▶ [WHAT YOU HAVE TO DO]: How many lines of the data contain "wood"? Reply with the number alone.

Stored dataset items
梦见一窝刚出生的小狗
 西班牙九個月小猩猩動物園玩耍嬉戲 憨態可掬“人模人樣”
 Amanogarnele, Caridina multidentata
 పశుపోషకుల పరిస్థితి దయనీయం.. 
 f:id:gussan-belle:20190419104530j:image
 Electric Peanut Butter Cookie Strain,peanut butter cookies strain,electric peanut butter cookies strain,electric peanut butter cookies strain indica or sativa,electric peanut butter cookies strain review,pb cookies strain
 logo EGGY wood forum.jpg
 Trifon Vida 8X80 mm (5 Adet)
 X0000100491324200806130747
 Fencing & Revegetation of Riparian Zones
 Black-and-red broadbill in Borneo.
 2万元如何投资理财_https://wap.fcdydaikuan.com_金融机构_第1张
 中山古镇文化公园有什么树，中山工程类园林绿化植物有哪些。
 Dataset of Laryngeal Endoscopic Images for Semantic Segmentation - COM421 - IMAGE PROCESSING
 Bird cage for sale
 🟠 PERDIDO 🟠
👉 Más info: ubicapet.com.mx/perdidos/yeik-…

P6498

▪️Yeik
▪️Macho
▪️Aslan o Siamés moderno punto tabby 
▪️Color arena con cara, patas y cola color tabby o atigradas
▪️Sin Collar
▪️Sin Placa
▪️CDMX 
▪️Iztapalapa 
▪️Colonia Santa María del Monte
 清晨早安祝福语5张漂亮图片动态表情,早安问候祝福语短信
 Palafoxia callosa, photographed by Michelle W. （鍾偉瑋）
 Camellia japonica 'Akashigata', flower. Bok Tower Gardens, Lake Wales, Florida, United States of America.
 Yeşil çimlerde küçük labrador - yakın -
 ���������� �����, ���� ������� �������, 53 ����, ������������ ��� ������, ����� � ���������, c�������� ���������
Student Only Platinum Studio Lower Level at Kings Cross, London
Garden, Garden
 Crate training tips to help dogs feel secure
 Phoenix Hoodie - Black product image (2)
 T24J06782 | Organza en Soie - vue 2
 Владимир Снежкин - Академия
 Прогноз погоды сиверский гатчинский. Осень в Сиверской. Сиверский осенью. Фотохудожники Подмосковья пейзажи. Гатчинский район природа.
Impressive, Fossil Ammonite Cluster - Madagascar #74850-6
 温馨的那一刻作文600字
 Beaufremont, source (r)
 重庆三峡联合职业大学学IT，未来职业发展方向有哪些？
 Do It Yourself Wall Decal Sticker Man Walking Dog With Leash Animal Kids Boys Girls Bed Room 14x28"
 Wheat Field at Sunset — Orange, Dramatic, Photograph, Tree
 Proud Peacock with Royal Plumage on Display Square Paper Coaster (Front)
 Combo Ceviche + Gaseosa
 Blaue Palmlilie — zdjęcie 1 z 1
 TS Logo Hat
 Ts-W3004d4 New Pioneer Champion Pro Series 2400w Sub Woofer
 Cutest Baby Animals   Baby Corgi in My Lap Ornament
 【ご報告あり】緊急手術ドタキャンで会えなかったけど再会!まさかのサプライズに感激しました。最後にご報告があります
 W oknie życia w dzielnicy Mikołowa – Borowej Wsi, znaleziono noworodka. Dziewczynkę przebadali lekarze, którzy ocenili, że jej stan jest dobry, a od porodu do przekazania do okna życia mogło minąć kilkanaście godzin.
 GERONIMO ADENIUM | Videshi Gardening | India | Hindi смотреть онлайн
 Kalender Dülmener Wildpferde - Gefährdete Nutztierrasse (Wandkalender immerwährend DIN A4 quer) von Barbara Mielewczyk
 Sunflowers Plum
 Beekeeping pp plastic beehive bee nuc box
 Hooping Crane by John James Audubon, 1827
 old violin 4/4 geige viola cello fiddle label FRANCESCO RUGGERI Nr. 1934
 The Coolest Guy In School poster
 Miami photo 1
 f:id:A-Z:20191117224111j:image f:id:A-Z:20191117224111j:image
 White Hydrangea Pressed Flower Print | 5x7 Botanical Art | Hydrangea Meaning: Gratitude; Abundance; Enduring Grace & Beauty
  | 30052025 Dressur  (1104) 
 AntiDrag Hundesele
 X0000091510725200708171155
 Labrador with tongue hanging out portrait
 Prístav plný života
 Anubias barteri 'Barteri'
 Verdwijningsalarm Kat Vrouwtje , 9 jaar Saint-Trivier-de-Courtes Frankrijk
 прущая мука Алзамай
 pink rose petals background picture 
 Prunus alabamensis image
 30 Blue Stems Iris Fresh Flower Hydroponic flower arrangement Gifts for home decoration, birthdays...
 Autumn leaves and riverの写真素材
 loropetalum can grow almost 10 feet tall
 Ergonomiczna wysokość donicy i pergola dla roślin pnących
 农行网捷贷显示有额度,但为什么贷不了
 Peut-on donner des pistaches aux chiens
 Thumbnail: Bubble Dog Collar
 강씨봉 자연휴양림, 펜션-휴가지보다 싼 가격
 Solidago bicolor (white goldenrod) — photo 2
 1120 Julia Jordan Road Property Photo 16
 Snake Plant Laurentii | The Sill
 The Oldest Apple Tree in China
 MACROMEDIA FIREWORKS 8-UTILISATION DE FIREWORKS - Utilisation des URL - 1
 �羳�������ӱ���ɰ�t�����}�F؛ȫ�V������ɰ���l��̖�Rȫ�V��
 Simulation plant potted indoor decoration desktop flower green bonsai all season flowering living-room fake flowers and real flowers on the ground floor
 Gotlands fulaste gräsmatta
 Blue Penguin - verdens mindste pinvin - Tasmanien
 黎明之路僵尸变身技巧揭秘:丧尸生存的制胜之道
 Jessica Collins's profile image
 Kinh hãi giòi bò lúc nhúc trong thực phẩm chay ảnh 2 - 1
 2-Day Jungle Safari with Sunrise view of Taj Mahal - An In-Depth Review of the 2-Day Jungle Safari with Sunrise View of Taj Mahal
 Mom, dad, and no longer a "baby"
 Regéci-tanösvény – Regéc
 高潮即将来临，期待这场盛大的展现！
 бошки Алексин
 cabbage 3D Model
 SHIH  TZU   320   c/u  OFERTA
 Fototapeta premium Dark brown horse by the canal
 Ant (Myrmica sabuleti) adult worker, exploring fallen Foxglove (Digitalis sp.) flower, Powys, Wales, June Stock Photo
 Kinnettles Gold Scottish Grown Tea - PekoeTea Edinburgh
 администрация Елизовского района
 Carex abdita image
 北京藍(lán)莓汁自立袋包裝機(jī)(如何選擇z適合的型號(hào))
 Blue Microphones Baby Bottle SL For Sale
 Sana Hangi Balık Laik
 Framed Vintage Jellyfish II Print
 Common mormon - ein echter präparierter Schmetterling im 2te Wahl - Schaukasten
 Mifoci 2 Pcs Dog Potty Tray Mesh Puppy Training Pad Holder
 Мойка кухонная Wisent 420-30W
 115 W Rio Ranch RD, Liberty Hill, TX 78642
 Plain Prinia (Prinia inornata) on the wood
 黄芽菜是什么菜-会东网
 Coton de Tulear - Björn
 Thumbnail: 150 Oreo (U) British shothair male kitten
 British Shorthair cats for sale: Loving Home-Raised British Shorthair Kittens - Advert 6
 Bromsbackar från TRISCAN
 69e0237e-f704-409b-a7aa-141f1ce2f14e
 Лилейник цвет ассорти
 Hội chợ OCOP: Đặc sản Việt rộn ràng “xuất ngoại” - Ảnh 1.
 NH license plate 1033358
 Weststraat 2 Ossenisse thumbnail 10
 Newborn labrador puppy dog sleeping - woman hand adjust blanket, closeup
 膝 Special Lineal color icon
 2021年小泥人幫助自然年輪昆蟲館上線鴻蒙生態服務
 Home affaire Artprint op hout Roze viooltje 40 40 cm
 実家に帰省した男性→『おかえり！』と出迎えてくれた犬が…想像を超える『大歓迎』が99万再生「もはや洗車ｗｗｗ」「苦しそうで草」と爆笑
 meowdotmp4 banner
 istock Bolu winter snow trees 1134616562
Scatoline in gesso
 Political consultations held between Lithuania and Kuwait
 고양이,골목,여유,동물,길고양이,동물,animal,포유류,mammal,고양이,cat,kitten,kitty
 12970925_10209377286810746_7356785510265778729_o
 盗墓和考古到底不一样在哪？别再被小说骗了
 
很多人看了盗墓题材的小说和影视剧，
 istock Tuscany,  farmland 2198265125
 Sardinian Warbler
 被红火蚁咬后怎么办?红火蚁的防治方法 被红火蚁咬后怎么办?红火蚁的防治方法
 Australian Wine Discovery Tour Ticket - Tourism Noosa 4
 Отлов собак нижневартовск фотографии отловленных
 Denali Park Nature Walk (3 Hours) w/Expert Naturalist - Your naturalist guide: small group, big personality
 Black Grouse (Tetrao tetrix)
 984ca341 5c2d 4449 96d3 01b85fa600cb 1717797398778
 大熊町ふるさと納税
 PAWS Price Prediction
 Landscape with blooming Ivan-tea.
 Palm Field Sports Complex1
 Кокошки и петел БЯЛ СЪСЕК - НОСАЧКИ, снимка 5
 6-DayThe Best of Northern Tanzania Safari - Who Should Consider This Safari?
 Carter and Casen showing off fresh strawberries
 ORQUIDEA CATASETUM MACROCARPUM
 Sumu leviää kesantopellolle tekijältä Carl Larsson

▶ [TASK OUTPUT]: 2